CSV PropertyTable - Get Started

Using CSV PropertyTable with Apache Maven

See “Using Jena with Apache Maven” for full details.

<dependency>
   <groupId>org.apache.jena</groupId>
   <artifactId>jena-csv</artifactId>
   <version>X.Y.Z</version>
</dependency>

Using CSV PropertyTable from Java through the API

In order to switch on CSV PropertyTable, it’s required to register LangCSV into Jena RIOT, through a simple method call:

import org.apache.jena.propertytable.lang.CSV2RDF;
... 
    CSV2RDF.init() ;

It’s a static method call of registration, which needs to be run just one time for an application before using CSV PropertyTable (e.g. during the initialization phase).

Once registered, CSV PropertyTable provides 2 ways for the users to play with (i.e. GraphCSV and RIOT):

GraphCSV

GraphCSV wrappers a CSV file as a Graph, which makes a Model for SPARQL query:

Model model = ModelFactory.createModelForGraph(new GraphCSV("data.csv")) ;
QueryExecution qExec = QueryExecutionFactory.create(query, model) ;

or for multiple CSV files and/or other RDF data:

Model csv1 = ModelFactory.createModelForGraph(new GraphCSV("data1.csv")) ;
Model csv2 = ModelFactory.createModelForGraph(new GraphCSV("data2.csv")) ;
Model other = ModelFactory.createModelForGraph(otherGraph) ;
Dataset dataset = ... ;
dataset.addNamedModel("http://example/table1", csv1) ;
dataset.addNamedModel("http://example/table2", csv2) ;
dataset.addNamedModel("http://example/other", other) ;
... normal SPARQL execution ...

You can also find the full examples from GraphCSVTest.

In short, for Jena ARQ, a CSV table is actually a Graph (i.e. GraphCSV), without any differences from other types of Graphs when using it from the Jena ARQ API.

RIOT

When LangCSV is registered into RIOT, CSV PropertyTable adds a new RDF syntax of ‘.csv’ with the content type of “text/csv”. You can read “.csv” files into Model following the standard RIOT usages:

// Usage 1: Direct reading through Model
Model model_1 = ModelFactory.createDefaultModel()
model.read("test.csv") ;

// Usage 2: Reading using RDFDataMgr
Model model_2 = RDFDataMgr.loadModel("test.csv") ;

For more information, see Reading RDF in Apache Jena.

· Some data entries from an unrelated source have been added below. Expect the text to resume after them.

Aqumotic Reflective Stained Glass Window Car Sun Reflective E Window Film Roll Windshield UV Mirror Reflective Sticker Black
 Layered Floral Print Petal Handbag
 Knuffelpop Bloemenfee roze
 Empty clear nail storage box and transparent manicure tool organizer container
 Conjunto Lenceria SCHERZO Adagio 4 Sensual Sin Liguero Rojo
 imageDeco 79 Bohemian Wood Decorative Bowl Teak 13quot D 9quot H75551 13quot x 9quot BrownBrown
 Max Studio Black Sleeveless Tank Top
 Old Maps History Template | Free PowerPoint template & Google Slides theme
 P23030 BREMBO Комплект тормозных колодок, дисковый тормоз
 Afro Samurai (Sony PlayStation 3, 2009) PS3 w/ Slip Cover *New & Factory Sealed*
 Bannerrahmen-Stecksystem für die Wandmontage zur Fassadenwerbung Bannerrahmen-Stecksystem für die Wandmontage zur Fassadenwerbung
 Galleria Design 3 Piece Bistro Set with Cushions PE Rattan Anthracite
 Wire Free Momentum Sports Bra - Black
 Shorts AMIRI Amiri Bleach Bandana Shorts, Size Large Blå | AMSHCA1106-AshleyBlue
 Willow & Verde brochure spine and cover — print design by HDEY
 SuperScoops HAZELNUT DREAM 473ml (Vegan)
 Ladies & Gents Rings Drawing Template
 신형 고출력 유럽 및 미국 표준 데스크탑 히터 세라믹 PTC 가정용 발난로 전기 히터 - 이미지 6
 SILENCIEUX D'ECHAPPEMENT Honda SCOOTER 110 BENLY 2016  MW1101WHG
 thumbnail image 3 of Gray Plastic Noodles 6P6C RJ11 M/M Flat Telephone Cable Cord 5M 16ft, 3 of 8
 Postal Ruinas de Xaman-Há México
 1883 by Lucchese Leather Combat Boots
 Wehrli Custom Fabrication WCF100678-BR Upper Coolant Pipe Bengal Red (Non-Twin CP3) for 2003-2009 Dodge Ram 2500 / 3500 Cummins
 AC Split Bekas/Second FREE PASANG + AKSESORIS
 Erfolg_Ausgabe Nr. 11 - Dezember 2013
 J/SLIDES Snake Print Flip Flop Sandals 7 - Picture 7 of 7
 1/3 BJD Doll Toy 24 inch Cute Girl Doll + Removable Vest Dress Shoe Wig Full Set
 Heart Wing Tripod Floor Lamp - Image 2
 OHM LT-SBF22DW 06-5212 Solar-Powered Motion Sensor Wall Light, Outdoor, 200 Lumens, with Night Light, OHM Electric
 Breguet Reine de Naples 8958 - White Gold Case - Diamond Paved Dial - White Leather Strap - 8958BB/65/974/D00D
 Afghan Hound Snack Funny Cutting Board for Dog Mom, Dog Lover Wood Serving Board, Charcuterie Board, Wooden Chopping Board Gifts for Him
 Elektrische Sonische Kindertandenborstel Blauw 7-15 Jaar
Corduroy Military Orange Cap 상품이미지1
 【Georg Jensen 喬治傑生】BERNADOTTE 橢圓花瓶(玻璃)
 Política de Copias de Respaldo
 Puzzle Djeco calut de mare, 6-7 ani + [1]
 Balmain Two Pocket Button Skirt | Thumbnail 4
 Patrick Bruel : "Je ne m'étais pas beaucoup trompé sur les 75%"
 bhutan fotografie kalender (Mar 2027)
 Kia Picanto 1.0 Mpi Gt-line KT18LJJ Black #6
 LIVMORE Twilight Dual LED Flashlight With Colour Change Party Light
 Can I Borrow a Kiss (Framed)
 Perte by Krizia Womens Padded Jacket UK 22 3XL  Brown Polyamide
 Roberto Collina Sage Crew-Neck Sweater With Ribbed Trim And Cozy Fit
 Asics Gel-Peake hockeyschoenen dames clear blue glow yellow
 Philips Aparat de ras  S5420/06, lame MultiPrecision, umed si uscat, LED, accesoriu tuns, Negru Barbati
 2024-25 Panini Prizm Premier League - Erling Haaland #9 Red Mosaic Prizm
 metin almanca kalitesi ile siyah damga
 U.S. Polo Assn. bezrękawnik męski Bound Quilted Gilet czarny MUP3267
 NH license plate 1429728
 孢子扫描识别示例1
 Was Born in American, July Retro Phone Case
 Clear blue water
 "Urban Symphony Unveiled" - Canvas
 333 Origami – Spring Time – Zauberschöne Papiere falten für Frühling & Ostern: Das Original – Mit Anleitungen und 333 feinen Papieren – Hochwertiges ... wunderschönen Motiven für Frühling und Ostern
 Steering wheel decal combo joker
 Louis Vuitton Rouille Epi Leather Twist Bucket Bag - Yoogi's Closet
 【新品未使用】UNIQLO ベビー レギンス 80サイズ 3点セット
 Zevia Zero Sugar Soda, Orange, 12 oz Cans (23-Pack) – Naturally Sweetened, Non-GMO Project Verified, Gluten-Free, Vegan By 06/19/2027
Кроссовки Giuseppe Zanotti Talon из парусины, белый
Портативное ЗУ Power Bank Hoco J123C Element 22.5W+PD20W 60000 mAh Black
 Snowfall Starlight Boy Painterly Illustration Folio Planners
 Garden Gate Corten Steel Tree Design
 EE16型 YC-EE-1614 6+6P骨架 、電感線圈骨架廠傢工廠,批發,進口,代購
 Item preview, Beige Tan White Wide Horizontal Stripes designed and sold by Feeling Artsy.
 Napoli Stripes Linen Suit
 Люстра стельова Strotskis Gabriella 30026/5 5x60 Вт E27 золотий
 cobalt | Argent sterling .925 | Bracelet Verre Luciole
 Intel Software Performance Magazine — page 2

Note that, the requirements for the CSV files are listed in the documentation of Design. CSV PropertyTable only supports single-Value, regular-Shaped, table-headed and UTF-8-encoded CSV files (NOT Microsoft Excel files).

Command Line Tool

csv2rdf is a tool for direct transforming from CSV to the formatted RDF syntax of N-Triples. The script calls the csv2rdf java program in the riotcmd package in this way:

java -cp ... riotcmdx.csv2rdf inputFile ...

It transforms the CSV inputFile into N-Triples. For example,

java -cp ... riotcmdx.csv2rdf src/test/resources/test.csv

The script reuses Common framework for running RIOT parsers, so that it also accepts the same arguments (type "riot --help" to get command line reminders) from RIOT Command line tools:

  • --validate: Checking mode: same as --strict --sink --check=true
  • --check=true/false: Run with checking of literals and IRIs either on or off.
  • --sink: No output of triples or quads in the standard output (i.e. System.out).
  • --time: Output timing information.